Sona, who is confused about her feelings for Prakash, confides in Aby, who encourages her to confess her feelings to Prakash. Sona and Prakash become a couple but this brings unexpected strain into Aby and Sona's friendship. Prakash's reactions to Aby's closeness to Sona makes Aby realize that things will never be the same again. Aby, realizing that Sona is hurt by Prakash's actions towards him, starts showing interest in Varsha, who has always been in love with Aby. Aby infuriates Sona by avoiding her and spending more time with Varsha.

Meanwhile, Prakash and Sona's marriage is fixed. Varsha asks Aby to meet her father, but he does not turn up for the meeting, giving excuses. Varsha later tells him that she realizes that he loves Sona and as long as that is the case, he would never reciprocate her feelings and it is best to tell Sona the truth.

Arrangements started for Sona's marriage to Prakash. After a dinner where the families of Aby, Sona and Aby discuss marriage, Sona realizes that she will be moving to the US, away from her parents and Aby . She gets emotional and asks him why he never loved her, then everything would have been perfect! Aby gets overwhelmed by emotions and hugs her. He apologizes and leaves immediately. Sona is shocked at the extent of his feelings. She goes to his house and finds a card in which he has written SUK-RI-YA (which in the movie means "I love you") near her name. Sona is hurt and gets angry at Aby for having hidden so many things from her. She finally tells him that she loves him too. Aby tries to pacify her and make her understand that it would be inappropriate to tell their parents at this stage.

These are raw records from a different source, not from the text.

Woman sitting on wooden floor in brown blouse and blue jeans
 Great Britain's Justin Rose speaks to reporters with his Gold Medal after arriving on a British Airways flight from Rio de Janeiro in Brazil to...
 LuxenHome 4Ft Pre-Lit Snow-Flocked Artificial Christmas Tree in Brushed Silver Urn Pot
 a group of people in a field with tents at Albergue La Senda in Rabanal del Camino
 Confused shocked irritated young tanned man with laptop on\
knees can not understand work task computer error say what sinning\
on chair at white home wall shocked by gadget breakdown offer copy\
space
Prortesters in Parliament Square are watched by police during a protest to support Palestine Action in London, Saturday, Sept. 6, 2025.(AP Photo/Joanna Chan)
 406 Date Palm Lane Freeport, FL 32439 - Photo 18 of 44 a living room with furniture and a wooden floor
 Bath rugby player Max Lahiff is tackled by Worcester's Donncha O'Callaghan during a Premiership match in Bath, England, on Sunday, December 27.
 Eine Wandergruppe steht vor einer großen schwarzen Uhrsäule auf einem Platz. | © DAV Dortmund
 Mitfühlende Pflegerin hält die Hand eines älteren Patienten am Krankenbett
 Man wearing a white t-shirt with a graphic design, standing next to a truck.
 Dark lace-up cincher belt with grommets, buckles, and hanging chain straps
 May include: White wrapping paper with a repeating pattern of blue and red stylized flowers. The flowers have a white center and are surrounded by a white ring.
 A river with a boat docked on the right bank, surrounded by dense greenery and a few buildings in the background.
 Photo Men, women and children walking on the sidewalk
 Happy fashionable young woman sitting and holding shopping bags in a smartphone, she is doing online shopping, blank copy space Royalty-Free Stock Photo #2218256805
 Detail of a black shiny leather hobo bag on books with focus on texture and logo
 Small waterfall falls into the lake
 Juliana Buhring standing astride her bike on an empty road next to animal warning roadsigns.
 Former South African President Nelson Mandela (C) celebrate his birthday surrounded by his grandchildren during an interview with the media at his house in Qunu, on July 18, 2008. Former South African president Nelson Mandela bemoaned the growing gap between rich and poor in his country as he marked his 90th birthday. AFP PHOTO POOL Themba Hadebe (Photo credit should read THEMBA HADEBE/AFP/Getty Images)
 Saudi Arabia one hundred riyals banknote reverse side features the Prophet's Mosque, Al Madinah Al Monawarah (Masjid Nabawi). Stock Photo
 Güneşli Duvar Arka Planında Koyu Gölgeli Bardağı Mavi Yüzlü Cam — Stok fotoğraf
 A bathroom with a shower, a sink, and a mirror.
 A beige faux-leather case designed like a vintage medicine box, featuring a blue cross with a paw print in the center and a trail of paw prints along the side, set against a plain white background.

Sona gets engaged to Prakash and Aby decides to leave before the wedding. Their parents are baffled at his sudden decision to leave and try to dissuade him. Aby is adamant and Sona goes to leave him to the railway station. Their parents find out that they are in love and come in search of them, to find the pair sitting on the stairs of the station, Aby not having left. Their parents happily suggest that the duo get married because they also have wished for them to forever stay together.

== Soundtrack ==

| No. | Title | Lyrics | Artist(s) | Length |
|---|---|---|---|---|
| 1. | "Minnithennum Nakshathrangal" | Gireesh Puthenchery | K. J. Yesudas, K. S. Chithra |  |
| 2. | "Mizhiyariyaathe" | Bichu Thirumala | Sujatha Mohan |  |
| 3. | "Mizhiyariyaathe" | Bichu Thirumala | K. J. Yesudas |  |
| 4. | "Prayam Nammil" | Bichu Thirumala | P. Jayachandran, Sujatha Mohan |  |
| 5. | "Shukriya Shukriya ("Oru Chik Chik Chik Chik Chirakil")" | Gireesh Puthenchery | K. J. Yesudas, Shabnam |  |
| 6. | "Shukriya Shukriya ("Oru Chik Chik Chik Chik Chirakil")" | Gireesh Puthenchery | Vidhu Prathap, Shabnam |  |
| 7. | "Yaathrayaay" | Gireesh Puthenchery | K. J. Yesudas, K. S. Chithra, Vidyasagar |  |

== Reception ==
A critic from Deccan Herald wrote that "If you are in an upbeat mood, this one's worth watching and if you are feeling the blues, perhaps the movie will do you good, too". A critic from Sify wrote that "The film is a 'must see' for teenagers and those in love because the director has woven together a fine screenplay and got the lead players to give a very natural performance".

==Box office==
The movie was a commercial success, and it made a theatrical run of more than 150 days due to positive reviews. The film collected over ₹5 crore at the box office.